I appeared in the media as a speaker, consultant, discussant, and expert reaching out to dozens of thousands of people. I gave talks at the Buffett Center for International Studies at Northwestern University, DePaul University, Loyola University, University of Illinois at Chicago, Hofstra University, University of Cambridge, Hebrew University in Jerusalem, George Mason University, Harvard University, and also at NPR, WTTW, ABC, NBC, various Ukrainian popular platforms, and multiple communal venues in the USA and Canada. In the midst of the war, I managed to bring to completion, edited, and helped publish the book of my senior colleague Yuri Biryuliov entitled The Jewish Architectural Legacy of Lviv. I came to Ukraine in December 2022 to lead the public presentation of this book in the midst of Russian air raids.

And I also painted. The song “Red Viburnum” that has become during the war a non-official Ukrainian anthem has a line “We will raise our red viburnum; we will rejoice our glorious Ukraine.” This line became the main theme of my canvas “Red Viburnum” (“Chervona kalyna”).
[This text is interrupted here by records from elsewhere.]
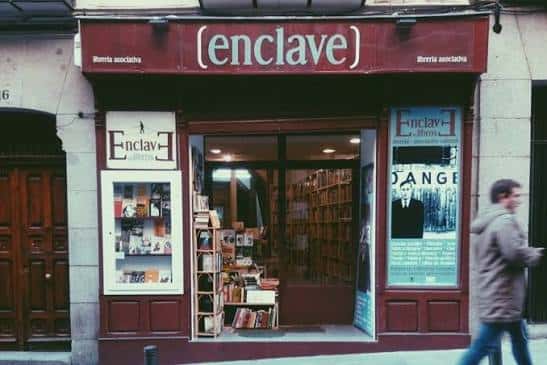 Fachada exterior de la librería Enclave en Madrid con letrero distintivo y escaparate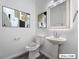 Stylish powder room with pedestal sink and modern fixtures at 9637 Lions Peak Ct, Las Vegas, NV 89139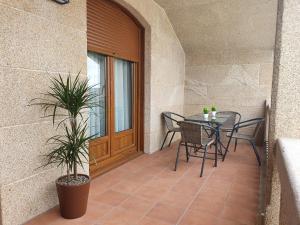 patio con mesa, sillas y ventana en Apartamento A casa da feira, en Pontevedra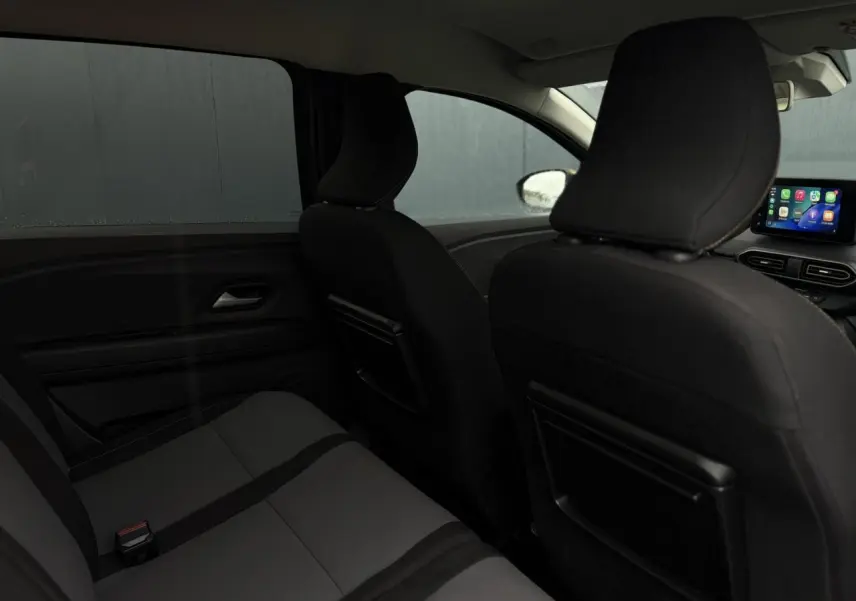 Vue intérieure arrière du Dacia Jogger gris urbain, montrant les sièges et l'écran tactile du tableau de bord.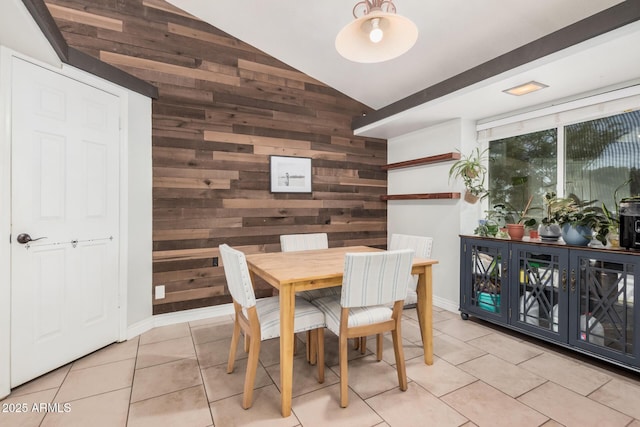 dining room with wooden walls, light tile patterned floors, high vaulted ceiling, and baseboards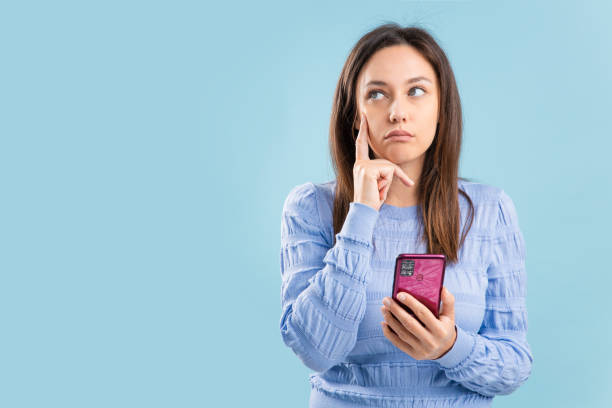 istock Young woman ponders on how to answer question on blue background 1353066671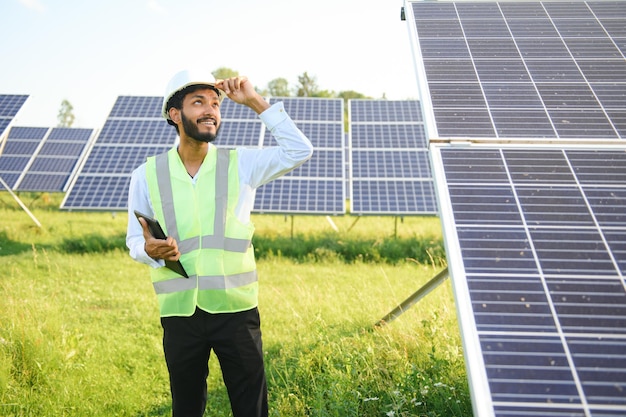 Giovane ingegnere con tablet in mano in piedi vicino a pannelli solari agricoltura terra agricola con sfondo blu limpido energia rinnovabile energia pulita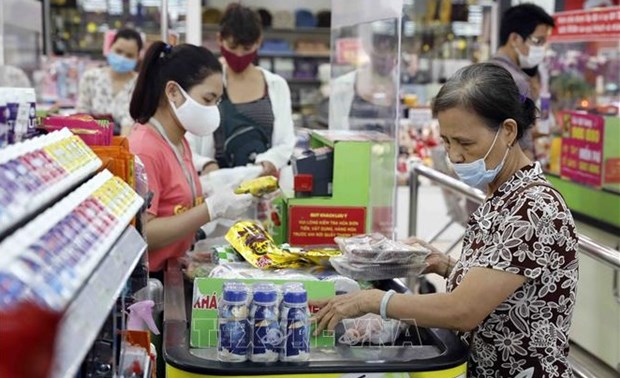 Promotions keep year-end consumer market busy hinh anh 1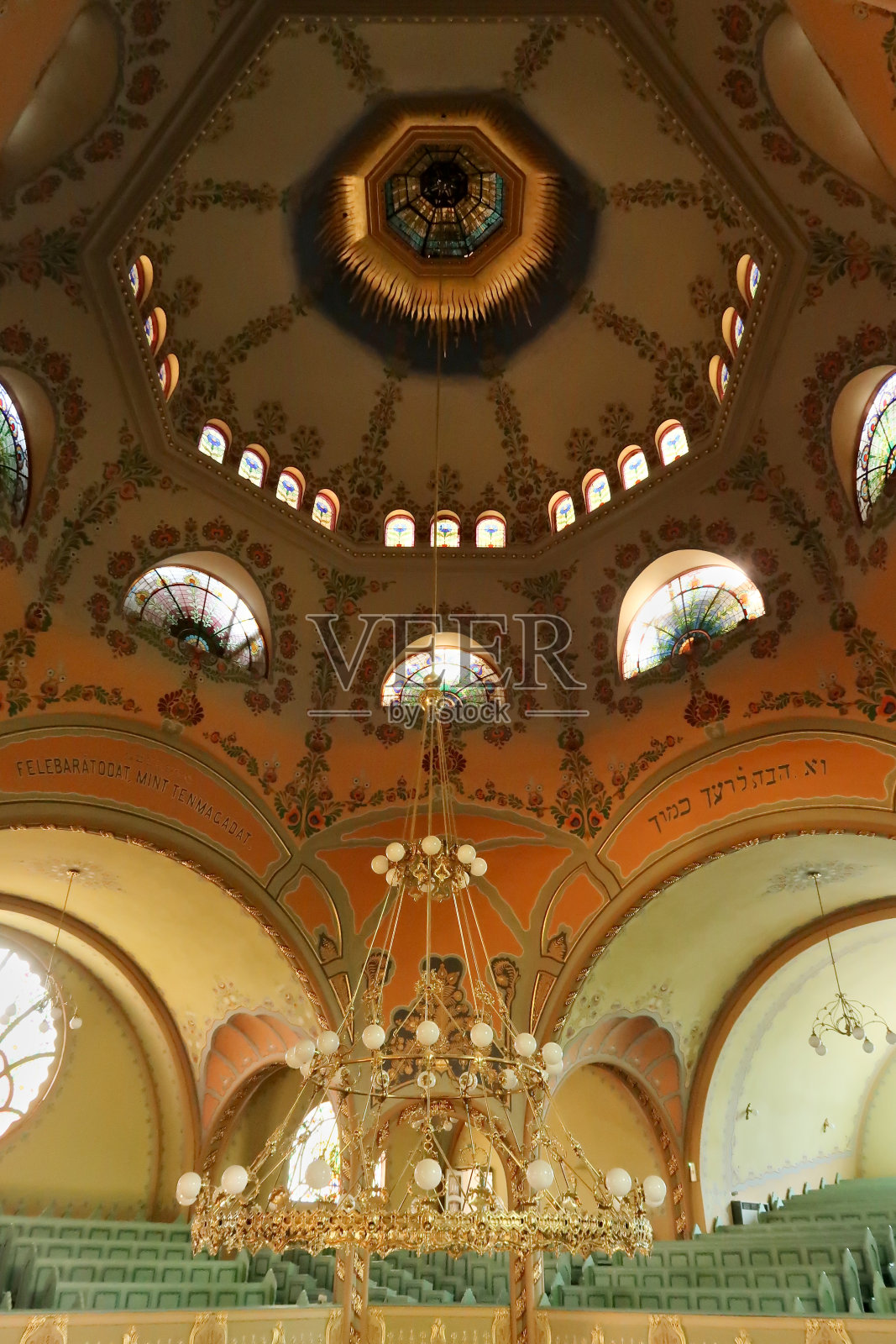 塞尔维亚苏博蒂察，在苏博蒂察的犹太教堂里，巨大的金色枝形吊灯悬挂在彩绘天花板、拱顶、圆顶上，灯光透过彩色玻璃窗照射进来照片摄影图片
Russian atrocities against the civilian population inspired my work “A Child of War.” And the enormous magnitude of devastation caused by the genocidal Russian onslaught reminded me of the Soviet atrocities against the armless Polish soldiers and officers, twenty-two thousands of them, brutally murdered by the Russians in a forest near Smolensk in 1940. This is how my “Katyn” appeared. If anything, my war-time painting signifies my constant non-stop silent resistance to the aggressor and my incessant pain for the suffering people of Ukraine.